Consider the example shown in the table above. Instead of using a fixed index
of 4, the index could be length of the string I.e 12. Using such variable index
will make the cipher text difficult to predict. In addition to this advantage,
two similar word/phrase with different lengths would have different cipher
texts. For example attackatonce and attackonce
will have no pattern in common even though the word “attack” and “once”

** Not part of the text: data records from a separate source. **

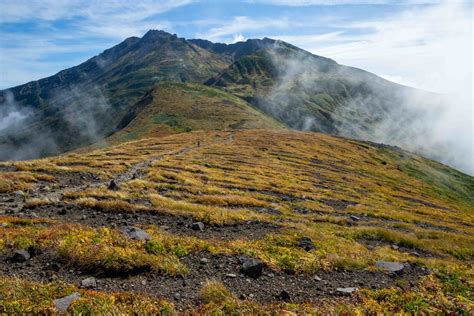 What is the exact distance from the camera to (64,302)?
10203mm

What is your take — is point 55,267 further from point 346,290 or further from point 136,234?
point 346,290

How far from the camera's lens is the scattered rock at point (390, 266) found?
17425 millimetres

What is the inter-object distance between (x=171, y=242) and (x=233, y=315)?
20.6 feet

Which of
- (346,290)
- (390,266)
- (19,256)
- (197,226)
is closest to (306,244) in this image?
(390,266)

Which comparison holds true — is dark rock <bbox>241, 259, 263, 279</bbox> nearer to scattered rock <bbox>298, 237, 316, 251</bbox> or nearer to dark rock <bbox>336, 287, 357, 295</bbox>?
dark rock <bbox>336, 287, 357, 295</bbox>

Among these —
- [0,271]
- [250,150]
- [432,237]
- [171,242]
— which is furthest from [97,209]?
[250,150]

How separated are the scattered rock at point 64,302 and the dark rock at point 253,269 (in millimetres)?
6380

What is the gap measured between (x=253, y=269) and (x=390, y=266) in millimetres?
7876

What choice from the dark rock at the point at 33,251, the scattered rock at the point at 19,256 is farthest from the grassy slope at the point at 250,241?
the scattered rock at the point at 19,256

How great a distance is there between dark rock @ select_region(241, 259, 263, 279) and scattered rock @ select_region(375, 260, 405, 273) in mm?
6849

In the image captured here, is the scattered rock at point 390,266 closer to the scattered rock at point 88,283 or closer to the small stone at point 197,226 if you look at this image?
the small stone at point 197,226

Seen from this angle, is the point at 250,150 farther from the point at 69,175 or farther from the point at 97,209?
the point at 97,209

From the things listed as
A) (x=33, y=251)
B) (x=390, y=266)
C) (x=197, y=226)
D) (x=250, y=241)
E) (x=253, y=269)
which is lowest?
(x=390, y=266)

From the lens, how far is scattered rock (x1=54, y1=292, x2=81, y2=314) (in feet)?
32.2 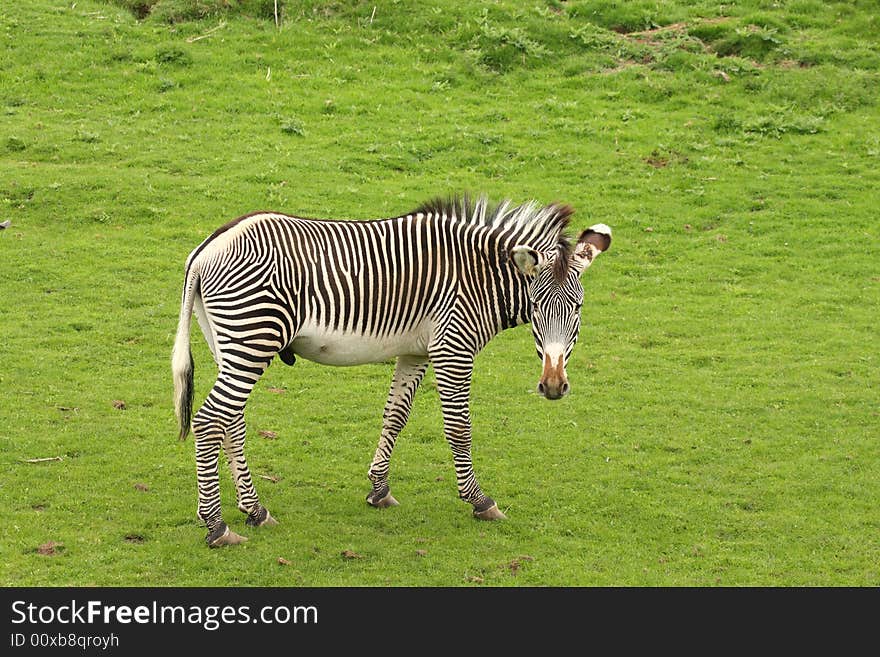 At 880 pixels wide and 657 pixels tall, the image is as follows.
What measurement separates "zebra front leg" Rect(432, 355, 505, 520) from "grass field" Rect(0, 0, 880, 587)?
0.78ft

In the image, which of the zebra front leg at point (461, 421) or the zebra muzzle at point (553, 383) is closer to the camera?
the zebra muzzle at point (553, 383)

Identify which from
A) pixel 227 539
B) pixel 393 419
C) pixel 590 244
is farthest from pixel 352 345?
pixel 590 244

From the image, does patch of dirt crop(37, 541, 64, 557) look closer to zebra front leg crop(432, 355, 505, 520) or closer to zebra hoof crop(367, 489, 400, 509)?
zebra hoof crop(367, 489, 400, 509)

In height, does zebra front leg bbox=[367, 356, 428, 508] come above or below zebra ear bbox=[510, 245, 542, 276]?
below

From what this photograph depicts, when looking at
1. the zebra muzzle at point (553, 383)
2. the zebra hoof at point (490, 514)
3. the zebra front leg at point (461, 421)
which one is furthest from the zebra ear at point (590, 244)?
the zebra hoof at point (490, 514)

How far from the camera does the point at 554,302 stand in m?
9.52

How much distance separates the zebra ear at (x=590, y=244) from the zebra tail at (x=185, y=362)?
3.42 meters

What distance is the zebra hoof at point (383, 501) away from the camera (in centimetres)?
1055

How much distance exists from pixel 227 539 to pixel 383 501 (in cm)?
174

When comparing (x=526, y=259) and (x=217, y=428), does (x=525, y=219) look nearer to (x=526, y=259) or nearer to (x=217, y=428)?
(x=526, y=259)

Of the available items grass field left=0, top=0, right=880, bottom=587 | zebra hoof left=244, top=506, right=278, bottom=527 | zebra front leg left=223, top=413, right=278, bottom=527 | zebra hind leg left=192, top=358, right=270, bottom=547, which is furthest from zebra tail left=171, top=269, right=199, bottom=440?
grass field left=0, top=0, right=880, bottom=587

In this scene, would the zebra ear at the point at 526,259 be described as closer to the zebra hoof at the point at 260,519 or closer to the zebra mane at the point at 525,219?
the zebra mane at the point at 525,219

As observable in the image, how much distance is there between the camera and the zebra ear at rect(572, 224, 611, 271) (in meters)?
9.94

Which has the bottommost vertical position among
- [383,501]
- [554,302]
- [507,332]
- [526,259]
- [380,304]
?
[507,332] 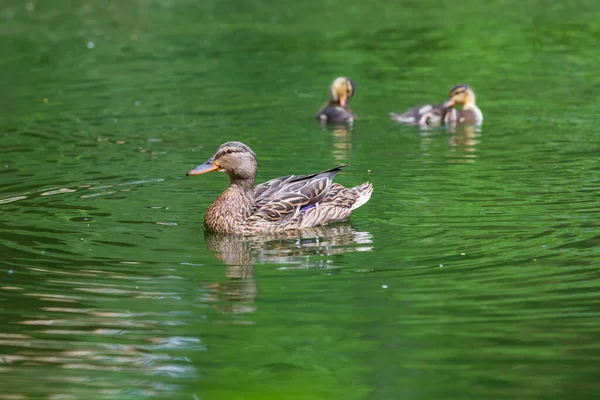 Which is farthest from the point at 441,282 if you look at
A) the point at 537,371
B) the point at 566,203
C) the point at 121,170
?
the point at 121,170

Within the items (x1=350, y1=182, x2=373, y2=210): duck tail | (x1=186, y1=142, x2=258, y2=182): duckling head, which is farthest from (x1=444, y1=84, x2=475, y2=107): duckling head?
(x1=186, y1=142, x2=258, y2=182): duckling head

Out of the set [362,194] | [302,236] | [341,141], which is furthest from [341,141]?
[302,236]

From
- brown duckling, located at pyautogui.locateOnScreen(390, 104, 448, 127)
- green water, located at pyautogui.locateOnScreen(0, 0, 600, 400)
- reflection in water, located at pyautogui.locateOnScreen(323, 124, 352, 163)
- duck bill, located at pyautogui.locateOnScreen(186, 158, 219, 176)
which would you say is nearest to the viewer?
green water, located at pyautogui.locateOnScreen(0, 0, 600, 400)

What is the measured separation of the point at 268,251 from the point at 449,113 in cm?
642

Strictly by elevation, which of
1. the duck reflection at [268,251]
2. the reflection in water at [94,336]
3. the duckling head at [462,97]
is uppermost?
the duckling head at [462,97]

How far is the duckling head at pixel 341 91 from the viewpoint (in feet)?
49.9

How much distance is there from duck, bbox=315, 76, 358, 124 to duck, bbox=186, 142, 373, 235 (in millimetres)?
4815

are being repeated. This happens because the string length is different thus
the shift index will be different.
Knowledge about character at a given index
In our previous example we also observed while shifting the
alphabets, the alphabet at new position occurs as per alphabetical order of
A-Z. Thus if attacker manages to figure out the shift index he can easily find out
all the characters in the given cipher text. Besides making the shift index
dynamic we can also shuffle the alphabetical order by which the alphabets won’t
be substituted as per the default alphabetic order. For example on a shift
index of 4 if we were suppose to substitute character “a”, by alphabetical
order the new character would be “d”. However if we do not follow alphabetical
order and replace the characters basis of shuffled set of characters it will make
it difficult for attacker to derive the plain text. For this we need to have a
shuffled set of alphabets.
Implementation
Enhanced Caesar cipher can be implemented in following
manner:
- Determine the shift index on the basis of string
length.
- Determine the position of character to be
replaced in the shuffled string.
- Add the shift index to the position to determine
the position of new character.
- Determine the character at new position. If the
new position is more than the length of the shuffled set then loop again after
the loop index reaches the length of shuffled set.
For example
The plain text to be ciphered is “america”. The shuffled
subset is “adwxyzefijklmnoghpqrstbcuv”. The cipher for this will be “frnagyf”. In
this example “a” is substituted with “e”. For this substitution we 1st
determine the position of “a” in shuffled subset. This is 1. Now we need to
determine the shift index, which is length of string i.e. 7. Thus with a right
shift of 7,”a” gives “f” as per the shuffled set. Similar substitution process
will be applied to each character in the given word.
The Outcome
An enhanced cipher technique derived from a simple
substitution cipher is much effective compared to its original version.